Ultimately, Shepard holds:
The evidence is good that our fellow creatures individually and collectively show distorted behavior when their members go beyond a norm for the species .... In higher animals of many kinds, including man, the depletion of physical resources may not begin to signal 'too much' until long after psychological damage has begun. By the time the subsistence base of physical resources begins to show signs of excessive withdrawals, some behavioral processes may be so distorted that the group lacks the flexibility to make an adjustment (Shepard, 94).
Thus Shepard suggests that eco-consciousness is actually not possible while we remain in a pathological state of rationality that if not derailed will lead to our demise.
In conclusion, a broad historical outlook and evolutionary models strongly suggest that culture is unfixed and ever-changing. If it does remain fixed devastating consequences may be the result. Our cultural past is filled with notions of harmony with nature and such notions have remained latent in American society. Some studies (Nash, Rifkin, Elgin) suggest that eco-consciousness is a growing phenomenon. Hopefully the U.S. and other Western countries will not continue in a state of arrested development as perceived by Shepard for too long and such eco-consciousness will continue to manifest itself.
References:
Badiner, Allan Hunt. (1990). Dharma Gaia: A Harvest of Essays in Buddhism and Ecology.
Barth, Gunther. (1990). Fleeting Moments: Nature and Culture in American History.
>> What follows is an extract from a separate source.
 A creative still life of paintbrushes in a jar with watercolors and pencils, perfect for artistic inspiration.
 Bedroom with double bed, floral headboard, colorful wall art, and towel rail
Berry, Wendell. (1977). The Unsettling of America: Culture and Agriculture.
Devall, Bill and Sessions, George. (1985). Deep Ecology.
Haraway, Donna J. (1995). Cyborgs and Symbionts: Living Together in the New World Order.
Merchant, Carolyn. (1980). The Death of Nature.
Nash, Roderick F. (1989). The Rights of Nature.
Rifkin, Jeremy. (1991). Biosphere Politics: A New Consciousness for a New Century.
Ross, Andrew. (1994). The Chicago Gangster Theory of Life: Nature's Debt to Society.
Romanyshyn, Robert D. (1992). Technology as Symptom and Dream.
Shepard, Paul. (1982). Nature and Madness.
Shepard, Paul. (1991). Man in the Landscape: A Historic View of the Esthetics of Nature.
Short, John Rennie. (1991). Imagined Country: Society, Culture and Environment.
Wilber, Ken. (1995). Sex, Ecology, Spirituality: The Spirit of Evolution.